For Developers

Using Pandas Groupby for Grouping Data in Python

Using Pandas Groupby for Grouping Data in Python

Panda groupby () is a method used to group data in Python according to categories and apply functions to these categorized data. It summarizes and aggregates data quickly making way for an easy interpretation of the data. When you require quick results from a data science project, Pandas groupby function comes as a blessing.

To make it simple, any groupby function executes the following operations for any original data: splitting the data, applying a function, and combining the results as per the analyzed dataset.

Let's understand it technically with a real-time example to get a clear picture.

Real-life analogy for a basic understanding of Pandas groupby

Imagine that you are the principal of a school. To offer a raise to the teachers, you decide to check the performance of different classes and lectures. However, manually segregating the teachers based on the subjects they teach and comparing the grades of the students to derive the final results will take a lot of time. Your main motive is to check the students' performance in different classes and lectures. And you have to do this by comparing their grades.

If you have a CSV file that includes the grades of all the students corresponding to all lectures they have attended, it would easily sort out the problem in the very beginning. Further, if you utilize the Python groupby function, you can group the data into multilevel or other grouping types and get the result immediately.

This is exactly how the Pandas groupby function cuts down all the manual work - by imbibing the power of technology.

Before we head on to implementing groupby in Python with a practical dataset, here’s a more detailed look at what Python Pandas groupby() is.

Introduction to Pandas groupby

Groupby is a powerful function in Python that enables you to split your data into distinct groups and perform computations on them for better analysis.

The name groupby itself explains the meaning. It includes a combination of three steps, thus referred to as a group by function. The steps are as follows:

  • Splitting of data into groups

  • Applying the function to respective groups separately

  • Combining the results to form a data structure

In all the above-mentioned steps, Pandas groupby () is mainly used in the first step, i.e., splitting the data into groups. In the second step, we apply the function to all the groups.
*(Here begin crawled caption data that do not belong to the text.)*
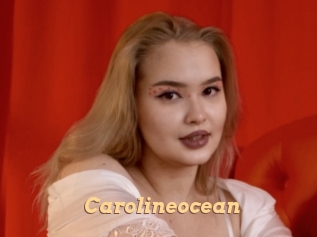 Carolineocean
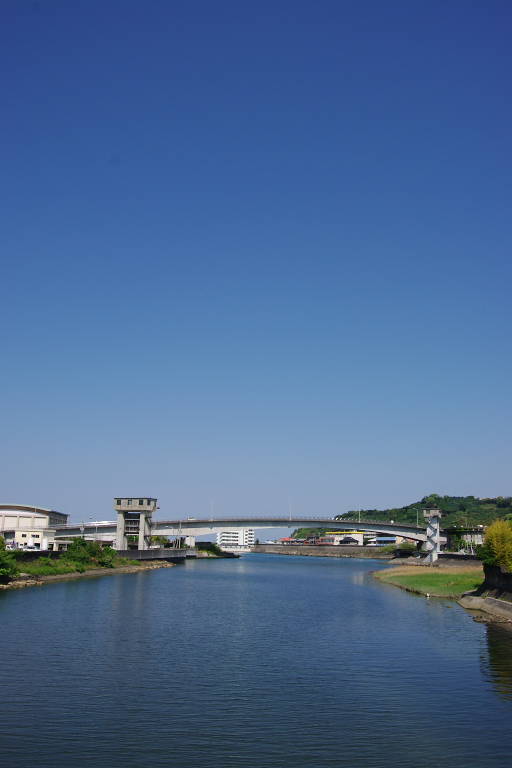 d0069495_13474517.jpg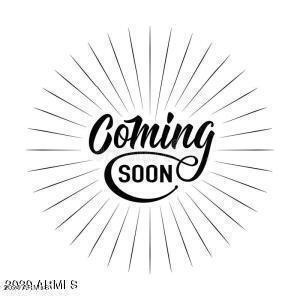 Coming soon pic for MLS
The functions include aggregation, transformation, and filtration. In the end, all the results are combined to form a data structure. We will discuss each step in detail in the next parts of the article.

Latest version alert

Before embarking on learning how to use Pandas groupby in Python, ensure that you are using the latest version. Use these codes to find out whether you are indeed using the latest version based on your OS.

1. For Windows Powershell

PS> python -m venv venv
PS> venv\Scripts\Activate.ps1
(venv) PS> python -m pip install pandas

2. For Linux + macOS

$ python3 -m venv venv
$ source venv/bin/activate
(venv) $ python -m pip install pandas

Code source

Once you are done downloading the .zip file, unzip it to a folder called groupby-data/ in your present directory. Ensure that the directory tree matches the one given below.

./
│
└── groupby-data/
    │
    ├── legislators-historical.csv
    ├── airqual.csv
    └── news.csv

Code source

Once you have Pandas installed with the virtual environment activated and datasets downloaded, you are all set to start using the groupby function for grouping data in Python.
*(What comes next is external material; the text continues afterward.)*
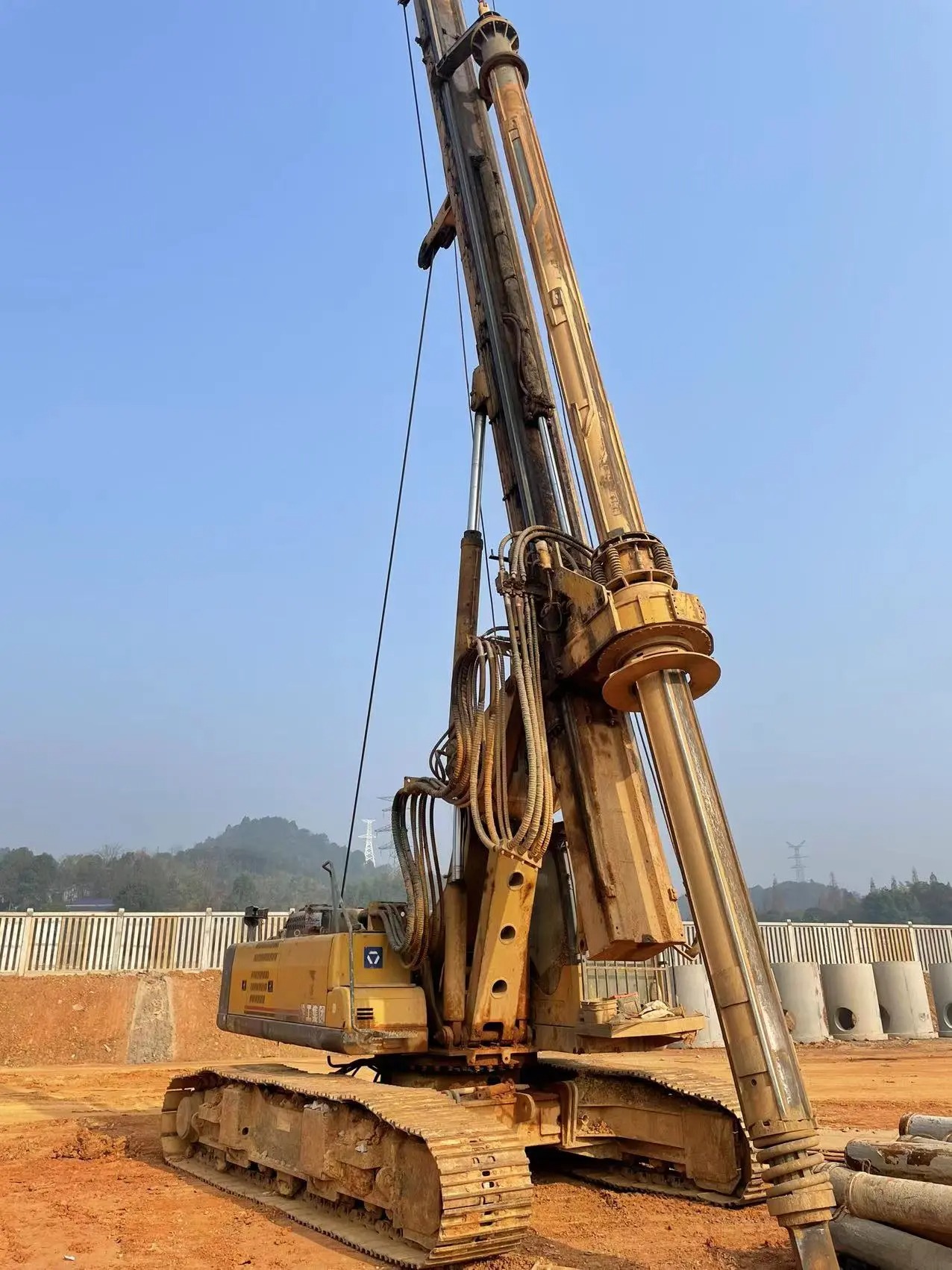 oemaeflwoeliea87bbcqkzzaasb1ahbbbdwnde_tplv-dy-aweme-images_q75-1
Note: The Pandas Groupby version 0.20.1 changed the aggregation and grouping APIs in May 2017.

Now, let’s move to practical examples which can help in understanding how Pandas Groupby works and how you can group data in Python.

Creating a data frame object with groupby

Let's take an example to understand how the entire process works and how to execute operation with it!

#import the pandas library
import pandas as pd
ipl_data = {'Team': ['Riders', 'Riders', 'Devils', 'Devils', 'Kings',
   'kings', 'Kings', 'Kings', 'Riders', 'Royals', 'Royals', 'Riders'],
   'Rank': [1, 2, 2, 3, 3,4 ,1 ,1,2 , 4,1,2],
   'Year': [2014,2015,2014,2015,2014,2015,2016,2017,2016,2014,2015,2017],
   'Points':[876,789,863,673,741,812,756,788,694,701,804,690]}
df = pd.DataFrame(ipl_data)

print df

Code source

The output received from the above dataset will be:

Points Rank Team Year
0 876 1 Riders 2014
1 789 2 Riders 2015
2 863 2 Devils 2014
3 673 3 Devils 2015
4 741 3 Kings 2014
5 812 4 kings 2015
6 756 1 Kings 2016
7 788 1 Kings 2017
8 694 2 Riders 2016
9 701 4 Royals 2014
10 804 1 Royals 2015
11 690 2 Riders 2017

Code source

Now that we have an organized dataset, we can start implementing the various operations included in the Python Pandas groupby function.

Implementing operations using Pandas groupby

1. Split into groups

Let’s begin with splitting the dataset into groups. You can do so in the following ways.

  • obj.groupby('key')

  • obj.groupby(['key1','key2'])

  • obj.groupby(key,axis=1)

Here’s an example of the same.

# import the pandas library
import pandas as pd

ipl_data = {'Team': ['Riders', 'Riders', 'Devils', 'Devils', 'Kings',
   'kings', 'Kings', 'Kings', 'Riders', 'Royals', 'Royals', 'Riders'],
   'Rank': [1, 2, 2, 3, 3,4 ,1 ,1,2 , 4,1,2],
   'Year': [2014,2015,2014,2015,2014,2015,2016,2017,2016,2014,2015,2017],
   'Points':[876,789,863,673,741,812,756,788,694,701,804,690]}
df = pd.DataFrame(ipl_data)

print df.groupby('Team')

Code source

Once you split the data, you will receive the following output.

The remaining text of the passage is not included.